### TASK GOAL
Transcribe the data as written, minus images.

Extracted data entries:
*** Block opens ***

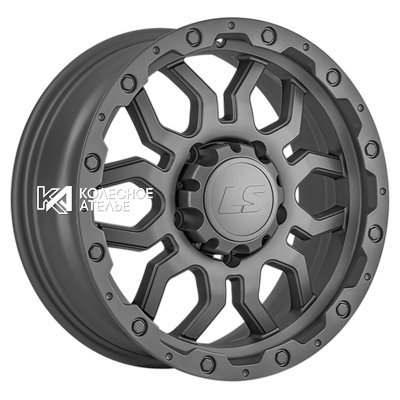 LS 1285 MGM 8x17/5x150 D110.1 ET45  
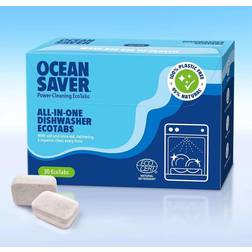 OceanSaver All-In-One Dishwasher Tablets 30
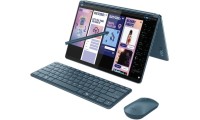 Lenovo Yoga Book 9 13IMU9 13.3" OLED Touchscreen (Ultra 7-155U/32GB/512GB SSD/W11 Home) Tidal Teal (US Keyboard)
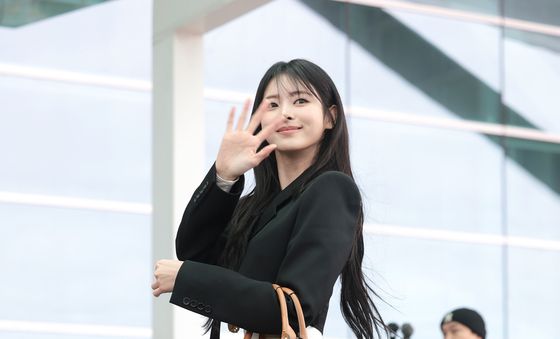 안나, 나 홀로 화보 인생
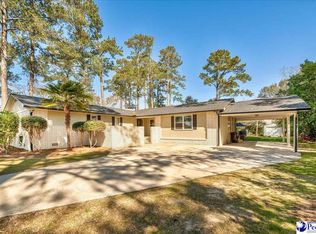 3805 Pebble Rd, Florence, SC 29501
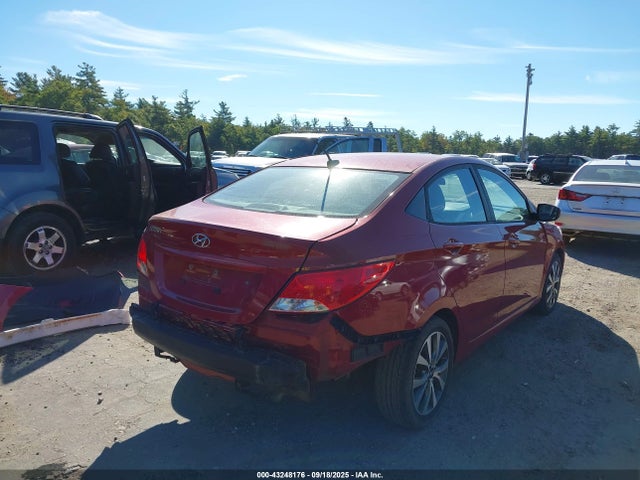 Hyundai Accent Value Edition 2017 KMHCT4AE4HU362175 Image 4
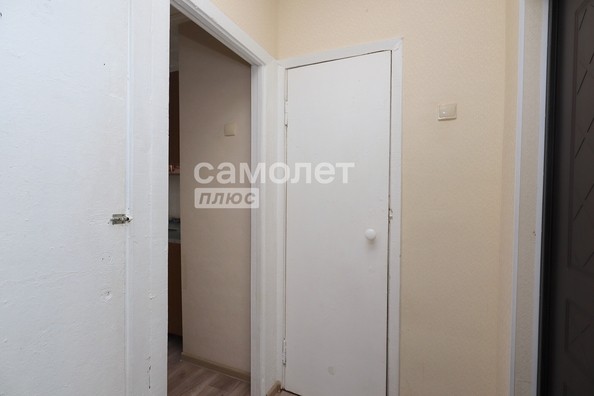 
   Продам 1-комнатную, 21.1 м², Патриотов ул, корпус а

. Фото 12.
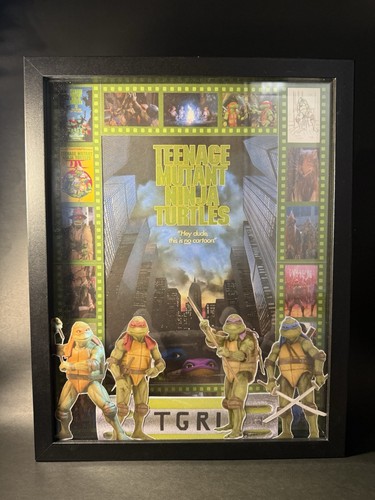 Teenage mutant ninja turtles - teenage,
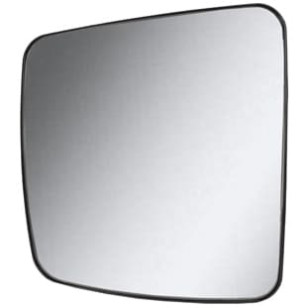 VIDRO RETROVISOR AUXILIAR LD COM DESEMBAÇADOR 124 NTG - SCANIA - 2116849 - 1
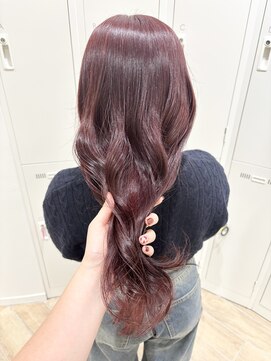 アーチバイケンジ(arch by kenje) レッドブラウン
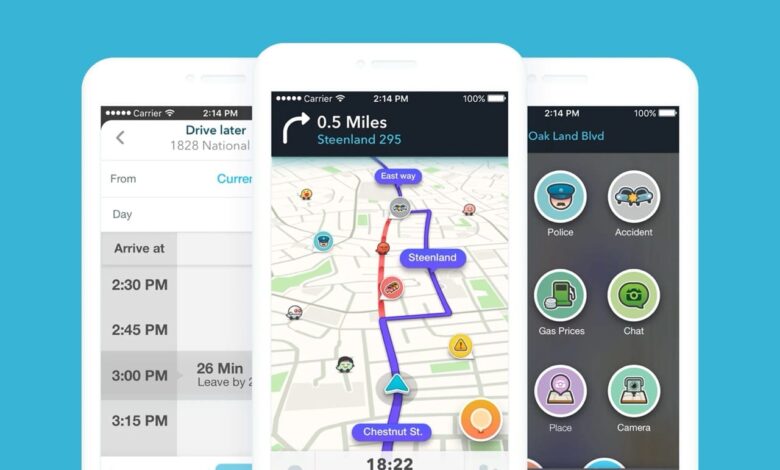 Waze maps works so well in Rwanda, why is it so bad in Kenya?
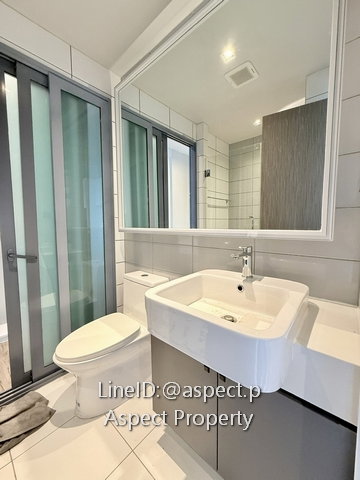 รูป คอนโด ม.เกษคร ศรีราชา 1 ห้องนอน 10,000 บาท - รูปที่ 6/10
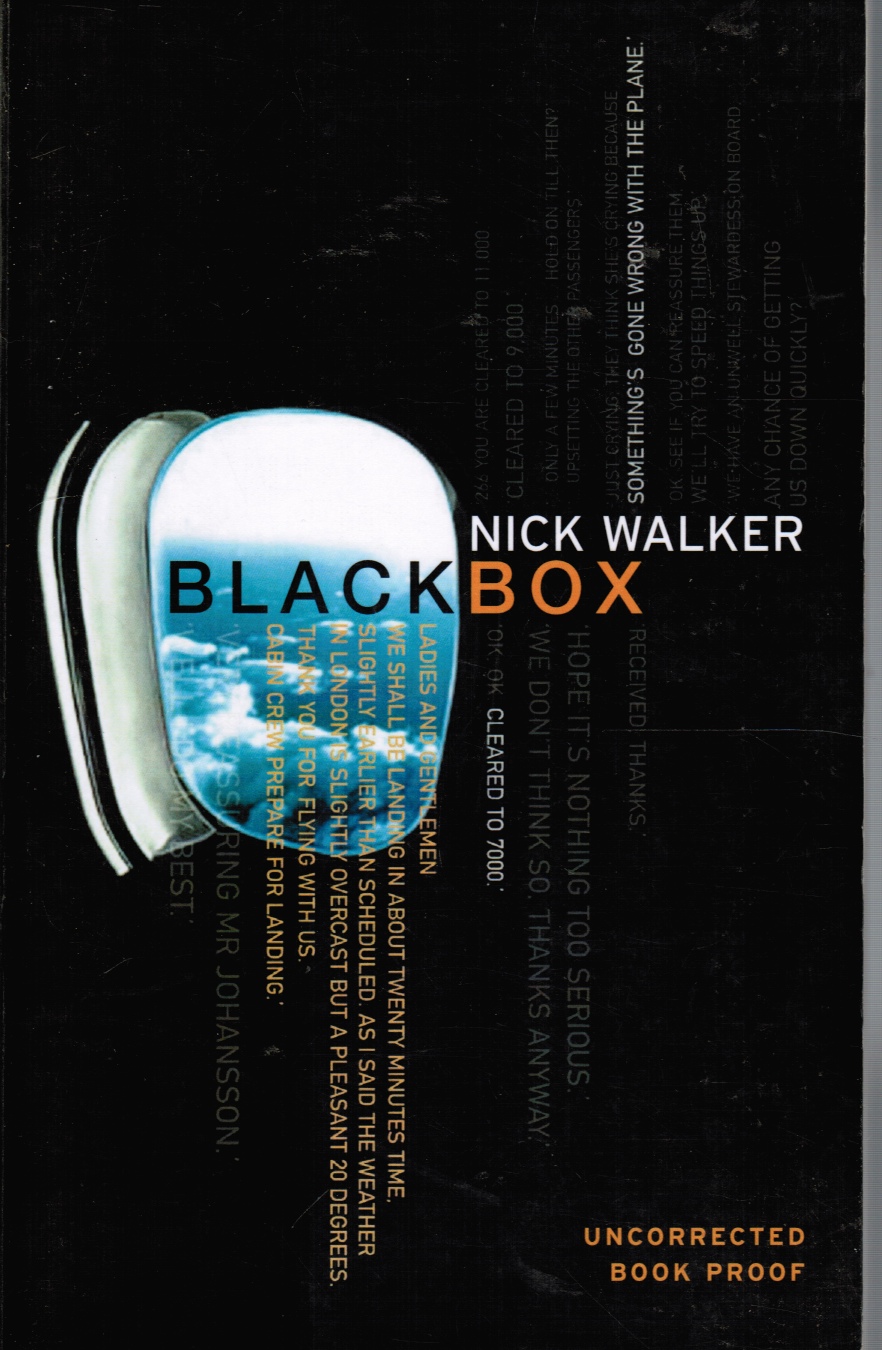 Image for Blackbox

*** Block closes ***

### ANSWER TO THE PROBLEM
 LS 1285 MGM 8x17/5x150 D110.1 ET45  
 OceanSaver All-In-One Dishwasher Tablets 30
 Lenovo Yoga Book 9 13IMU9 13.3" OLED Touchscreen (Ultra 7-155U/32GB/512GB SSD/W11 Home) Tidal Teal (US Keyboard)
 안나, 나 홀로 화보 인생
 3805 Pebble Rd, Florence, SC 29501
 Hyundai Accent Value Edition 2017 KMHCT4AE4HU362175 Image 4
   Продам 1-комнатную, 21.1 м², Патриотов ул, корпус а

. Фото 12.
 Teenage mutant ninja turtles - teenage,
 VIDRO RETROVISOR AUXILIAR LD COM DESEMBAÇADOR 124 NTG - SCANIA - 2116849 - 1
 アーチバイケンジ(arch by kenje) レッドブラウン
 Waze maps works so well in Rwanda, why is it so bad in Kenya?
 รูป คอนโด ม.เกษคร ศรีราชา 1 ห้องนอน 10,000 บาท - รูปที่ 6/10
 Image for Blackbox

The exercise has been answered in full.